The history of temple development in India is a fascinating journey that spans several millennia and is deeply intertwined with the evolution of Indian civilization, religious beliefs, and architectural prowess.
Temple architecture in India is diverse and rich, representing a wide range of artistic styles, construction techniques, and religious influences. Each region of India has its unique temple architecture, shaped by historical, cultural, and local artistic traditions.
Key phases in the development of temples in India:
INITIAL PHASE
- Early Period (Prehistoric to 3rd Century BCE): During the prehistoric and early historical periods, the worship of natural elements, spirits, and ancestral deities was prevalent. These early practices involved the construction of simple shrines, rock-cut caves, and megalithic structures. As urban centers emerged and trade flourished, the architectural techniques evolved, leading to the construction of more sophisticated structures.
- Maurya and Shunga Periods (3rd Century BCE to 1st Century BCE): Under the Mauryan and Shunga dynasties, Buddhism gained prominence, and the rock-cut caves, such as those at Barabar and Nagarjuni, were built to serve as monastic retreats. Some of the earliest freestanding stone temples were also constructed during this time, like the Great Stupa at Sanchi.
- Gupta Period (4th to 6th Century CE): The Gupta period is often considered the golden age of Indian art and architecture. It witnessed significant developments in temple construction. Hindu temple architecture started to take shape during this period with the construction of stone temples. The temples were generally characterized by a square sanctum with a flat roof, mandapa (hall) with pillared porticos, and intricate sculptural work. The Dashavatara Temple in Deogarh and the early structures at the Elephanta Caves are notable examples from this era.
ADVANCE PHASE (6th Century onwards)
Nagara School of Architecture (North Indian Temple Architecture):
- Origin and Popularity: The Nagara style of temple architecture became popular in northern India from the 5th Century AD onwards.
- Stone Platform: Temples are typically built on stone platforms with steps leading up to the main entrance.

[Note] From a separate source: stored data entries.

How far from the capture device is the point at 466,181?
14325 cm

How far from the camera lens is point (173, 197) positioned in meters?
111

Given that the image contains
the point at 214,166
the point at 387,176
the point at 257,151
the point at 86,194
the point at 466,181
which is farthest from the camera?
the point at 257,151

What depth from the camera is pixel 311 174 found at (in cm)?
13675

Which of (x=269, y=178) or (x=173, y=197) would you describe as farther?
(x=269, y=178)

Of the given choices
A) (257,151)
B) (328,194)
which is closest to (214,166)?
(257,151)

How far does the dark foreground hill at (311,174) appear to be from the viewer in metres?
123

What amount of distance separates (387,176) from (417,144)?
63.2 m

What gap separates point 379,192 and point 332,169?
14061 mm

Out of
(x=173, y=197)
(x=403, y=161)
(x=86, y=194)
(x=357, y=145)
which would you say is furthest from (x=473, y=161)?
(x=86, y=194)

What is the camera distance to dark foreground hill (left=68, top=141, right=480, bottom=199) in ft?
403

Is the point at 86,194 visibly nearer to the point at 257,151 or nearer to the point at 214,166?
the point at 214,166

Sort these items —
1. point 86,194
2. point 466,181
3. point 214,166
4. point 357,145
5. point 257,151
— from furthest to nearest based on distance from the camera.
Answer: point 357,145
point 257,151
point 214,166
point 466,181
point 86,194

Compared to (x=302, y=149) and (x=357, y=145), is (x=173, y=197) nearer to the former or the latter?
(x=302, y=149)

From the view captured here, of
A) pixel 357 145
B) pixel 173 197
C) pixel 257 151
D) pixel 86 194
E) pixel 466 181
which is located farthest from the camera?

- Absence of Elaborate Boundary Walls: Unlike South Indian temples, Nagara temples usually lack elaborate boundary walls and gateways.
- Location of Garbhagriha: The sanctum, known as the garbhagriha or vimana, is always located directly under the tallest tower (shikhara).

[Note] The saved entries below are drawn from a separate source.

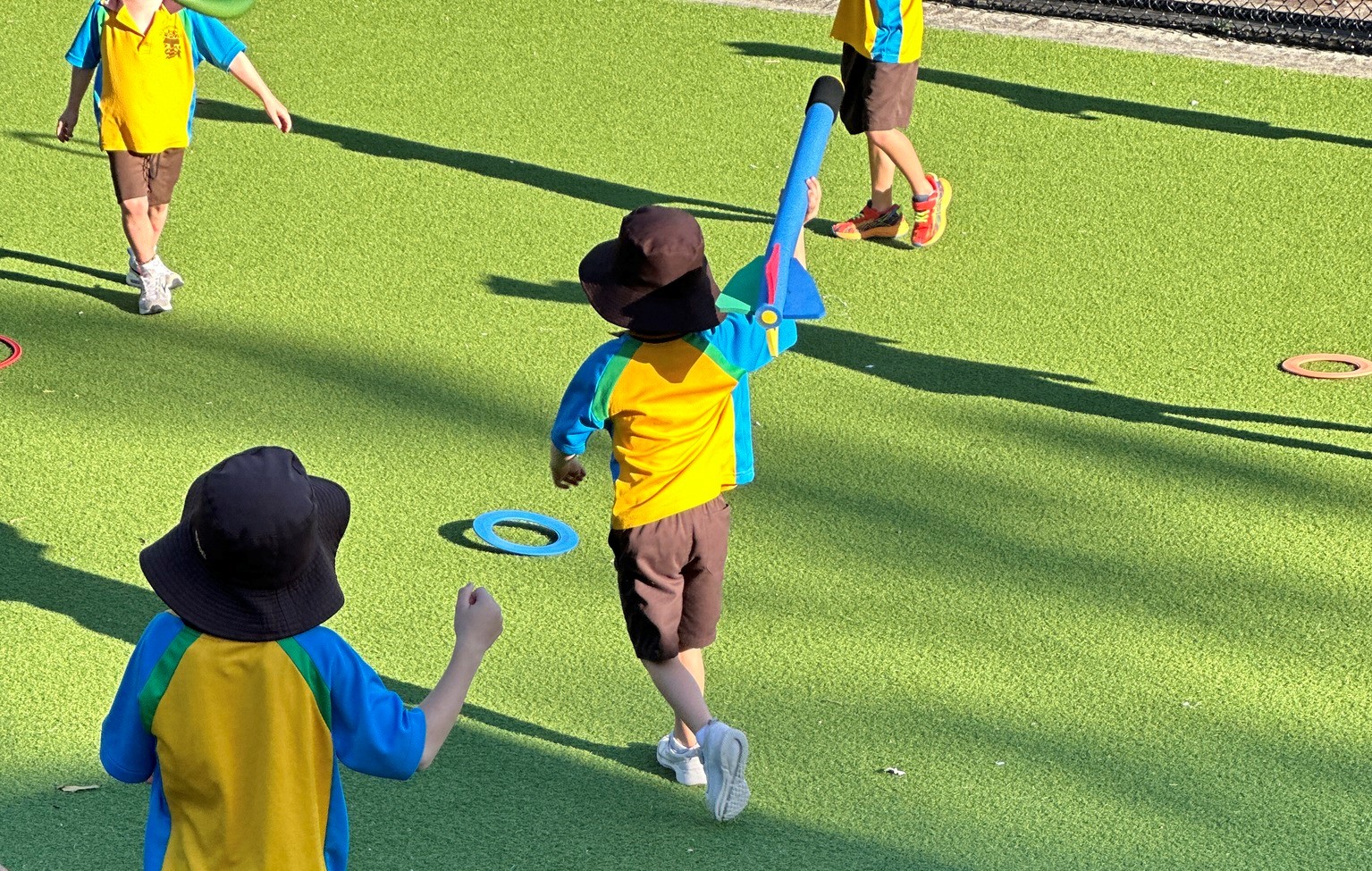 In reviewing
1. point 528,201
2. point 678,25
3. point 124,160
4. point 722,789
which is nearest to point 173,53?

- Subdivisions of Shikhara: Nagara temples have different subtypes of shikhara, with variations in shape and design.
- Latina or Rekha-Prasada: Square base with inwardly curving walls, culminating in a point on top.

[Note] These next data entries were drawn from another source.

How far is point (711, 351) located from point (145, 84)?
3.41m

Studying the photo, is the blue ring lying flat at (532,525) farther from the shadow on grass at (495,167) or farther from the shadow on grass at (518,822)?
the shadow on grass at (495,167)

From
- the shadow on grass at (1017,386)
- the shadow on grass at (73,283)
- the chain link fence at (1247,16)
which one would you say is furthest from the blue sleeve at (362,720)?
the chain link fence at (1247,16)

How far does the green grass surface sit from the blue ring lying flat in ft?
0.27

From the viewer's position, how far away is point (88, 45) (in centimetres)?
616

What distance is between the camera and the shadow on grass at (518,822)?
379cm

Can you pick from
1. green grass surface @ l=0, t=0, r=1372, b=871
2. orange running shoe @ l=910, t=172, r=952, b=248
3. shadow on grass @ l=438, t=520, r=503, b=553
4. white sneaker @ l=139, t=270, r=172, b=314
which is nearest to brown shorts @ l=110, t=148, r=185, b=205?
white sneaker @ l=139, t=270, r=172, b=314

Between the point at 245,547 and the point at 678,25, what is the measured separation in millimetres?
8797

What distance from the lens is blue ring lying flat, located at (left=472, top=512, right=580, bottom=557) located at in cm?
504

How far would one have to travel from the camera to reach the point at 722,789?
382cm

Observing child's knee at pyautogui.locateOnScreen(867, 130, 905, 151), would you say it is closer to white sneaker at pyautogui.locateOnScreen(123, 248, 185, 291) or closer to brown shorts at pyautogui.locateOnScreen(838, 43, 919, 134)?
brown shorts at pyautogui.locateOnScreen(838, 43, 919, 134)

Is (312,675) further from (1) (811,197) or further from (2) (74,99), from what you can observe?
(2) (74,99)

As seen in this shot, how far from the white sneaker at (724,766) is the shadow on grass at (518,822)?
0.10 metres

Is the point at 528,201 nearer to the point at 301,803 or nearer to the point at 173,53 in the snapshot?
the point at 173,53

- Phamsana: Broader base and shorter height, with a straight-sloping roof composed of several slabs.
- Vallabhi: Rectangular base with a roof rising into vaulted chambers.
- Panchayatan Style: Temples often follow the Panchayatan style, featuring subsidiary shrines laid out in a cruciform pattern around the main shrine.
- Mandapas: Temples have assembly halls or mandaps in front of the main shrine, serving as gathering spaces for religious ceremonies and rituals.
- River Goddess Images: Images of the river goddesses Ganga and Yamuna are commonly placed outside the garbhagriha.
- Lack of Water Tanks: Generally, Nagara temples do not have water tanks or reservoirs within the temple premises.
- Pillared Approach: The porticos of the temples have a pillared approach.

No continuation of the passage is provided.